There had been no voice of prophecy in Israel for some 400 years, and then out of nowhere John bursts onto the scene. His fiery preaching out in the wilderness, together with his rough clothing of camel’s hair and his sparse diet, gave the strong impression that he was Elijah of old (John 1:19-28). His ministry of preparation at the Jordan River called all people to repentance for the forgiveness of sins. In a world where we rebel against a philosophy of “one size fits all,” of being lumped together with everyone else, John’s message really was all about “one size fits all!” The high and mighty, the lowly and despised, young and old, rich and poor, men and women – all were called to repentance. Can it be any different for us? The truth of God’s Word from Isaiah in today’s Old Testament lessons tells us that “all flesh is grass, and all its beauty is like the flower of the field” (Isaiah 40:6). Our brief life will soon be over. And more than this, the apostle Peter tells us in today’s Epistle lesson that “the day of the Lord will come like a thief, and then the heavens will pass away with a roar, and the heavenly bodies will be burned up and dissolved, and the earth and the works that are done on it will be exposed” (2 Peter 3:10). This is the harsh truth that we’d rather not think about. In the midst of this beautiful holiday season, we say, “Oh, that’s too depressing.” But the Lord calls us to think on these things now before the great and final day when he comes again. The Lord calls us to turn away from our sin and disobedience and turn to him with repentant hearts. In some form or fashion, we are all like that little boy, Max, in the story book. We put on our wolf costume and become someone we’re not. We, too, “roar our terrible roar and show our terrible claws.” We are prone to get into trouble and go where the wild things are. We want to serve ourselves. But once we do, we find out, like Max, that this doesn’t really satisfy like we thought it would. Something is missing; we are unfulfilled. Like Max, we want to be where someone loves us best of all. This is at the heart of our human existence.

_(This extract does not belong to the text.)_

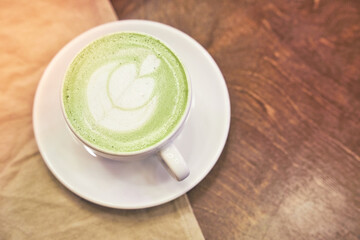 Cup of matcha latte on wooden background and a beige napkin in a cafe with copy space. High quality photo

The One to whom John the Baptist pointed is the One whose sandals neither John nor we are worthy to stoop down and untie. This is Jesus, whose first coming we celebrate at Christmas and whose coming again we wait and watch for, not with servile fear but with eager expectation and joy. This is Jesus, who does indeed love us best of all, and who demonstrated this not just with words but with action. His life of humble and loving service, his innocent suffering and death on the cross, his resurrection from the dead – all of this Jesus did for you because he loves you best of all. My friends, this is the good news of Advent that makes all things new. We don’t need to go sailing in our imaginary private boat to far-off places to find identity, security and meaning in life. All of these things come to us through the One who has come to us so that he might love us and give his life for us. In Jesus, we know who we are and we know whose we are. And because we know who we are and whose we are, we have a message of hope to bring to our troubled world. With all of the craziness going on in the world around us, people are looking for something to put their hope and trust in – something that is true, life-giving, and abiding for all time. Not just something, but Someone! You and I have the great privilege of doing today what John the Baptist did in his day, and that is to point people to Jesus. When all the glitter and excitement of this season is stripped away, what remains? At the heart of it all is Jesus, who has come that we may have life and have it abundantly (John 10:10). We are the bridge between our Advent Lord Jesus Christ and people in the world around us. In a very real sense, we are the hands and feet and mouth of Jesus to bless the lives of others and be Christ to our neighbor. As Peter reminds us in today’s Epistle lesson (2 Peter 3:8-14): “…what sort of people ought you to be in lives of holiness and godliness… Therefore, beloved, since you are waiting for these, be diligent to be found by him without spot or blemish, and at peace.”  

May our Advent Lord Jesus Christ strengthen us in faith toward him and in fervent love toward one another as we wait and watch for his promised coming. Amen. Come, Lord Jesus. Amen.